Making machines truly intelligent is a scientific challenge as well as a technological and product engineering challenge. A significant part of FAIR’s research focuses on fundamental questions about the keys to reasoning, prediction, planning, and unsupervised learning. And in turn, these areas of investigation require better theoretical understanding in fields such as generative models, causality, high-dimensional stochastic optimization, and game theory. These long-term research explorations are required to unlock the full future potential of artificial intelligence. Of all the projects we’ve tackled over the past five years, we’ve picked a handful that show how FAIR has approached its mission, contributed to our field, and made an impact on the world.
In 2014, researchers at FAIR identified an intrinsic limitation in neural networks — long-term memory. Though neural nets could learn during the process of training on data sets, once these systems were in operation they were typically unable to store new information to help solve a particular task later on. So we developed a new class of learning-model-enabled machines that remembered enough of their interactions to answer general knowledge questions and refer to previous statements in a conversation. In our initial 2014 paper on this approach, we tested this by having a memory-enabled network answer questions about the plot of the Lord of the Rings series, based on a short summary provided to it. The system was able to learn simple linguistic patterns and generalize the meanings of unknown words, correctly answering, for example, that at the end of the story Frodo was in the shire and the ring was in Mount Doom.

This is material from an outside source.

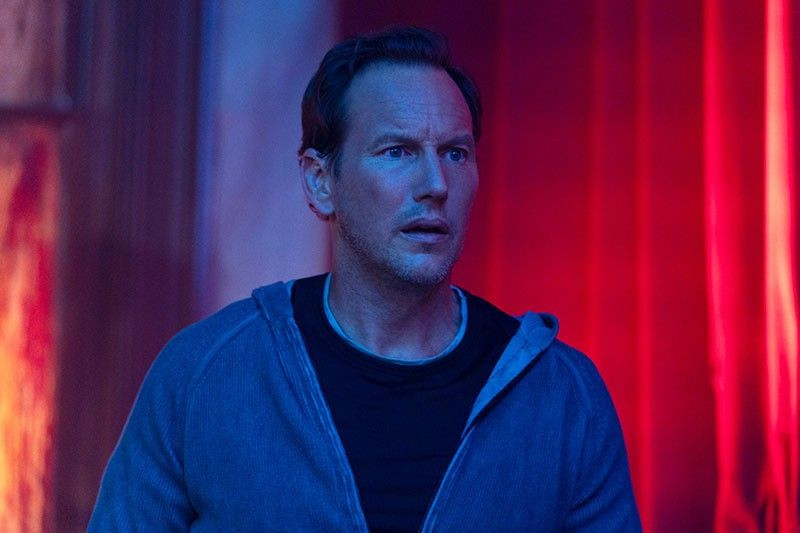 Những cảnh có trong phần 5 Quỷ quyệt: Cánh đỏ vô định. Những cảnh có trong phần 5 Quỷ quyệt: Cánh đỏ vô định.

FAIR continued to develop this approach over the next two years, extending the research and exploring related areas. With StackRNN, the team augmented an RNN with push-pop stacks that could be trained from sequences in an unsupervised manner. With bAbl, the team built data sets of question-answering tasks to help benchmark performance in text understanding. bAbI is now part of the open source project ParlAI that includes thousands of dialogue examples, ranging from responses to restaurant-reservation requests to answers about movie casts. We also iterated on memory network architectures, making them increasingly useful for real-world applications. These updates included end-to-end memory networks, which allowed them to work with less supervision, and then key-value memory networks, which could be trained by generalizing from completely unsupervised sources, such as Wikipedia entries.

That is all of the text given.